El último fuego
por Liliana B. López (IUNA-UBA)
Autora:
Dea Loher. Traducción de Soledad Lagos
Elenco:
Mario Petrosini, Claudia Cantero, Claudio Martínez Bel, Mónica Driollet,
Tatiana Sandoval, Carolina Tejeda, Alberto Montezanti, Germán Rodríguez y
Guillermo Aragonés.
Escenografía:
Alicia Leloutre y José Escobar
Diseño
de vestuario: Rosana Bárcena
Música
original: Cecilia Candia
Diseño
de luces: Ricardo Sica
Diseño
de imagen: Liliana Cáceres, Alberto Montezanti
Fotografía:
Alberto Montezanti
Asistencia
de producción: Alejandro Barrateli
Asistencia
de dirección: Analía Fedra García
Dirección
y puesta en escena: Ana Alvarado
Sala:
Espacio Callejón
La directora Ana
Alvarado reafirma una vez más sus dotes para la búsqueda inquieta: puede pasar
de una instalación a una performance, a un texto de Brecht atravesado por el
teatro de objetos –una de sus especialidades- a una puesta en escena con un
texto cargado de densidad poética.

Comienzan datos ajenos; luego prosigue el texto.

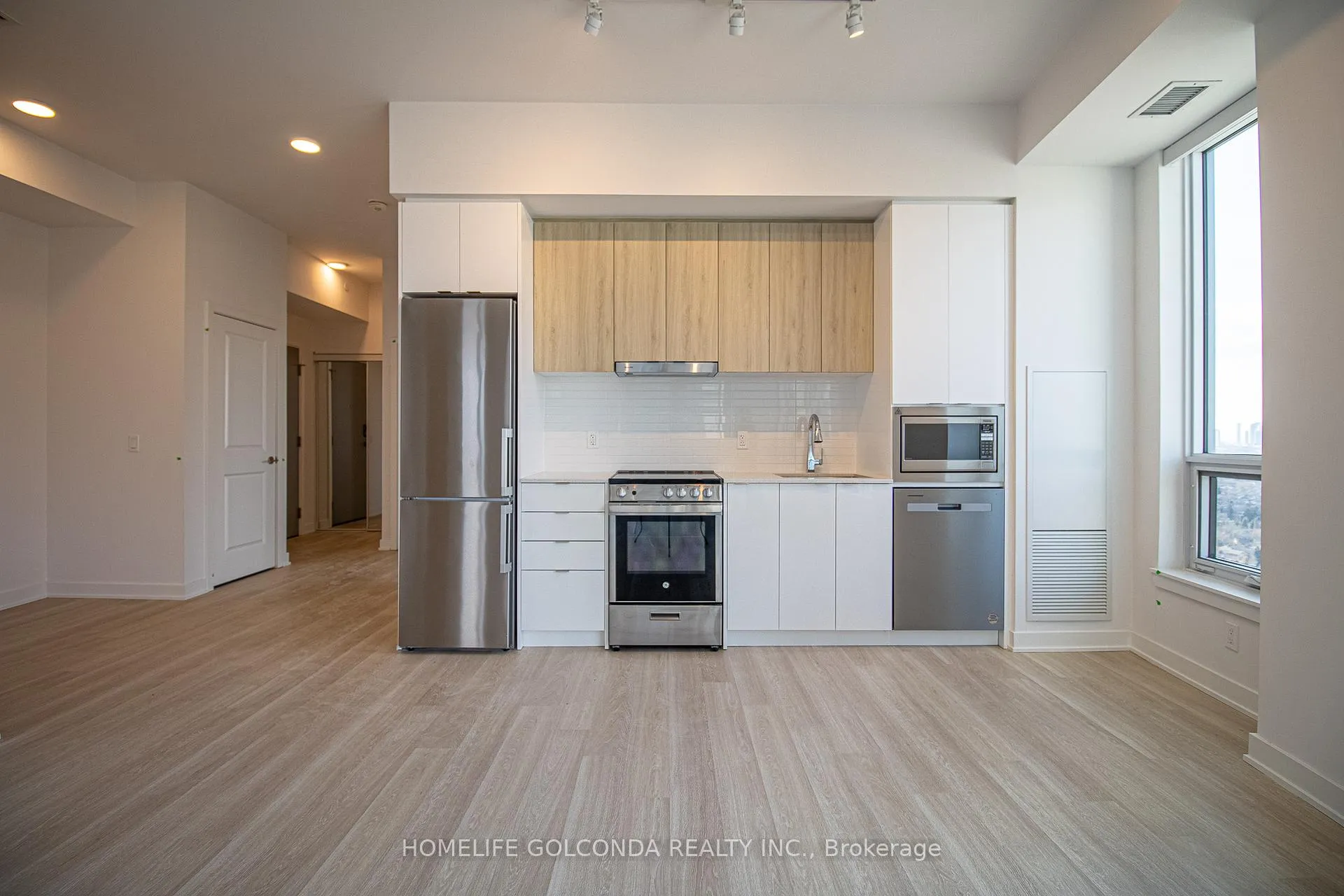 Photo 11 of Unit 2507, 30 upper mall Way, Vaughan, Brownridge — HOMEH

Este último es el caso de El último fuego,
de la joven dramaturga alemana Dea Loher. Con nueve actores en escena –una
apuesta fuerte para el espacio independiente- dispuso sobre el espacio una
pequeña comunidad, casas, calle, zonas marginales, para contar un relato en
forma muy particular.
Siendo un texto
poético, no tiene acotaciones que indiquen espacio o situación, incluso los
personajes son voces, a veces indeterminadas en su enunciación, como el
“Nosotros”. Alvarado resolvió este desafío mediante un enunciador escénico, un
narrador que circulaba entre los otros personajes, de modo presentativo (Mario
Petrosini) Pero todos asumen la voz de la memoria de una colectividad
fantasmática, detenida en un hecho trágico ocurrido un tiempo atrás, en el que
un niño fue atropellado.
Paradójicamente, o
quizás como un alerta del devenir de la memoria social, el miembro más anciano
de “la familia de la desgracia”, la abuela del niño atropellado, padece
Alzheimer (Mónica Driollet). Compilar la historia incluye la pregunta por la
causa de la catástrofe. No hay respuesta, pero sí debate sobre la causalidad o
causalidad de los hechos. El padre (Claudio Martínez Bell) juega a la lotería,
para no ganar, porque la casualidad exime de culpas. Mientras que, la madre, Susanne
(Claudia Cantero) añora a Dios.
En el hecho, la
temporalidad es determinante: el “accidente” es un nudo de circunstancias
coincidentes en las coordenadas espacio-temporales, que son revisadas una y
otra vez, sin que se pueda acordar un factor determinante. Un bache, un
terrorista que huye, una mujer policía que confunde un vehículo (Tatiana
Sandoval), un adicto que roba un auto (Germán Rodríguez), alguien que lo
consiente (Carolina Tejeda), un extranjero que se convierte en testigo
involuntario (Guillermo Aragonés), un niño que se asusta, un mediodía de luz
ardiente. Como suele suceder en casi todos los grupos sociales, se busca un
chivo expiatorio, un responsable. Éste es Olaf, un joven que permanece
semioculto durante casi toda la representación (Alberto Montezanti).
La puesta en escena
se inscribe en la forma-trayecto: el espacio escénico presenta diversas zonas,
que corresponden la casa de “la familia de la desgracia”, la pensión donde se
aloja el extranjero, la casa de la dueña del auto, la “cueva” de Olaf, la
calle, pero no hay barreras visibles entre ellos. Los actores realizan recorridos,
en distintas velocidades y ritmos (lentísimo, el de la abuela, acelerado, el de
la mujer-policía) desplazándose en forma continua, aún entre los espectadores.
La memoria personal deviene intersubjetiva, colectiva, en esos trayectos que
remiten al mismo día, al mismo hecho, para no olvidar.